It's important to note the scale of the y-axes here - when I tried putting the comparisons and swaps on the same plot it was pretty much impossible to see the slope of the swaps, even when zoomed way in. Unlike the Bubble Sort, the Selection Sort's swaps have a linear growth instead of a quadratic growth.

Looking at the Swaps

Here's where it might be a little more interesting. We can do the same exercise we did with the bubble sort and plot the actual swaps to see if we can see the sorting in action.

def selection_swaps(elements: Sortable) -> Swaps:
    """Keeps track of the element indexes as they are swapped

    Args:
     elements: list of orderable elements

    Returns:
     dict mapping element to list of indices where it was in the elements list
    """
    swaps = {element: [index] for index, element in enumerate(elements)}

    number_of_elements = len(elements)

    for start_of_unselected in range(number_of_elements - 1):
        smallest_unselected = start_of_unselected

        for next_unselected in range(start_of_unselected + 1,
                                     number_of_elements):
            if elements[next_unselected] < elements[smallest_unselected]:
                smallest_unselected = next_unselected

        elements[start_of_unselected], elements[smallest_unselected] = (
            elements[smallest_unselected], elements[start_of_unselected]
        )

        # record the location of the elements
        for index, element in enumerate(elements):
            swaps[element].append(index)
    return swaps

Because we're tracking the swaps with a dict there can't be any repetitions in the inputs, so I'll use python instead of numpy to make the randomized input since it seems clearer to me.

COUNT = 50

inputs = list(range(COUNT))
shuffle(inputs)
swaps = selection_swaps(inputs)

track_frame = pandas.DataFrame(swaps)
re_indexed = track_frame.reset_index().rename(columns={"index": "Swap"})
melted = re_indexed.melt(var_name="Value To Sort",
                         value_name="Location In Array", id_vars="Swap")
chart = altair.Chart(melted).mark_line().encode(
    x="Swap",
    y="Location In Array",
    color="Value To Sort:O",
    tooltip=["Swap", "Location In Array", "Value To Sort"]
).properties(
    title="Selection Sort Swaps",
    width=800,
    height=525,
).interactive()

save_it(chart, "selection-sort-swaps")

Figure Missing

Since I put in more inputs than I did with the Bubble Sort, the actual swaps aren't so easy to see, here, but the point of this plot is to show the (imaginary) diagonal line running from the bottom left corner up to the upper right. This shows why it's called a "More of the Output" algorithm - with each loop (represented by a "Swap" on the X-axis) one more sorted item is added to the beginning of the list (the bottom of the chart) from the unsorted part (the section above the imaginary diagonal of the chart) until you end up with a sorted list.

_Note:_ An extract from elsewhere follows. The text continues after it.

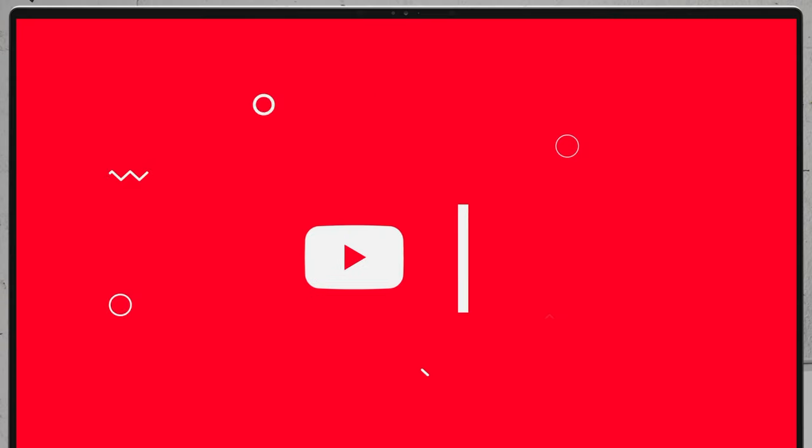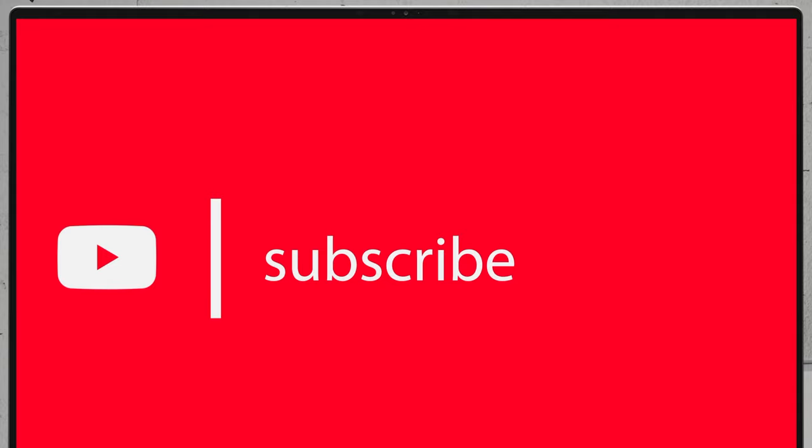If you'd like to see more disassembly videos of the latest notebooks, we would highly appreciate if you hit the like button and subscribe to the channel.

Since the Selection Sort always checks all the items in the "unsorted" section, the lengths of the lines above the diagonal as they move up and down don't really have a significance, they're just single swaps. What matters more is that the section below the diagonal is "sorted" and when picking the next item the algorithm has to check every element above the diagonal to find the next smallest item.

Worst Case

COUNT = 50

inputs = list(reversed(range(COUNT)))
swaps = selection_swaps(inputs)

track_frame = pandas.DataFrame(swaps)
re_indexed = track_frame.reset_index().rename(columns={"index": "Swap"})
melted = re_indexed.melt(var_name="Value To Sort",
                         value_name="Location In Array", id_vars="Swap")
chart = altair.Chart(melted).mark_line().encode(
    x="Swap",
    y="Location In Array",
    color="Value To Sort:O",
    tooltip=["Swap", "Location In Array", "Value To Sort"]
).properties(
    title="Selection Sort Locations (Worst Case)",
    width=800,
    height=525,
).interactive()

save_it(chart, "selection-sort-locations-worst-case")

Figure Missing

This produces kind of an interesting figure… Since the input list is in exactly the backwards order (from largest element to smallest), and the selection sort traverses the list from start to end and swaps out each element with the smallest element to the right of the current element, we are always swapping out the largest element remaining for the smallest remaining element, so although the algorithm doesn't specifically try to do it, it's putting both the smallest unsorted element in place and the largest unsorted element in place with each swap, so it's actually done sorting at the halfway point. We could, then create a short-circuit version of this as well, to make it quit if there's no element in the unsorted smaller than the elements sorted so far, but as with the bubble sort, this would most-likely only help in outside cases like these.

Sources

Bubble-Sort Revisited

This is a continuation of a series on the Bubble Sort.

In the Beginning

In the previous bubble sort post I implemented the basic bubble sort, but there is a variation of it where you short-circuit the search if the collection is already sorted which is what I'll look at here. The short-circuiting means that the bubble sort can sometimes do better than other methods, but only when the data is mostly sorted so it's still not a practical algorithm. Why do this, then? Eh, why not?

Some Setup

Imports

# python
from functools import partial

# pypi
# from bokeh.models import HoverTool
from expects import be_below, contain_exactly, equal, expect
from joblib import Parallel, delayed
from numba import njit
from numba.typed import List
from numpy.random import default_rng

import altair
import numpy
import pandas

# this project
from graeae.visualization.altair_helpers import output_path, save_chart
from bowling.sort.bubble import bubble, BubbleOutput

# my other stuff
from graeae import Timer

Stuff For Later

TIMER = Timer()
SLUG = "double-bubble-sort"
OUTPUT_PATH = output_path(SLUG)
random = default_rng(2021)

The Sorters

Bubba Sort

This will be the short-circuiting version of the bubble sort.

Bubba

This is the short-circuiter. It works pretty much the same way with just an extra if-statement to break out of the loop if nothing was swapped.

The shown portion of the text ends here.